The unemployment rate is 9.7% Today in 2009, not 2013.
asg
Jul 16 2009 at 11:05am
The title of this post is a bit of a misnomer; in Krugman’s original “Accidental Theorist” essay (from which the title of the collection was taken), William Greider, writer for The Nation, not Krugman himself, is the accidental theorist. Krugman meant the term as a criticism of Greider’s allegedly fact-driven, theory-free approach, which just adopted a bunch of hidden, erroneous economic premises.
gnat
Jul 16 2009 at 11:43am
Marcus: “The employee would have been ill even if the employer didn’t exist and Medicaid would still have picked up the tab. As such, this cannot be considered a cost imposed upon society by the employer.”
The problem is private insurance companies have incentives to cherry-pick leaving the public to cover the poor and chronically sick, and the availability of a public plan provides an incentive for firms to offload employee healthcare onto public plans. That is a private cost imposed on the society.
dan
Jul 16 2009 at 12:34pm
So, stimulus now, anti-stimulus in 2013 with the benefit of health care savings in 2013… that sounds like a good thing.
Colin K
Jul 16 2009 at 1:20pm
Gnat: “Hospital emergency rooms must serve those without healthcare, and public Medicare and Medicaid plans also are available. This causes a race to the bottom for firms to drop healthcare.”
You’ve elided my point. From an employer’s perspective, costs are costs are costs. Mandating employers to pay for healthcare is no different than legislating a 10-20% pay raise. All you are going to do is move people from the ranks of the uninsured to the unemployed.
It’s all just a money issue. Where I live (Mass.), the % of people covered was far better than the national average long before the universal insurance mandate went into effect. State laws had very little to do with it. Mass. is one of the richest states in the country and as an employer if you don’t offer insurance you don’t hire many good employees, even relatively low on the totem pole.
Marcus
Jul 16 2009 at 1:35pm
“The problem is private insurance companies have incentives to cherry-pick leaving the public to cover the poor and chronically sick, and the availability of a public plan provides an incentive for firms to offload employee healthcare onto public plans. That is a private cost imposed on the society.” — gnat
A couple of thoughts.
1) It is a private cost imposed by the government upon society.
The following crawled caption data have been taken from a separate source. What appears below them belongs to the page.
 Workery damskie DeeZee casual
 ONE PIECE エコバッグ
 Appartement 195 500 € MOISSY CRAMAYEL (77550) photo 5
2) Even if we accept your argument at face value it still doesn’t argue for mandatory employer provided health insurance. If you require people buy health insurance and mandate that insurance companies cannot not turn anyone down, employer provided health insurance becomes obsolete.
We got rid of the ‘company store’ for a reason. Let’s not bring it back under the guise of progressivism.
gnat
Jul 16 2009 at 2:58pm
Marcus writes”
“1) It is a private cost imposed by the government upon society.”
Your are correct that it is not a Pipovian neoclassical externality. Rather, it reflects a societal cost in the sense of the between private costs and societal values. See Karl Willian Knapp and the institutional school.
“2)If you require people to buy health insurance and mandate that insurance companies cannot not turn anyone down, employer provided health insurance becomes obsolete.”
Part of the problem is the healthcare insurance market evolved as annual prepaid expense plans by doctor and hospital associations to ensure payment of increasingly expensive care. Many of the current problems could be avoided if health insurance markets operated like life insurance where the future is uncertain and individuals buy insurance at an early age when they are healthy.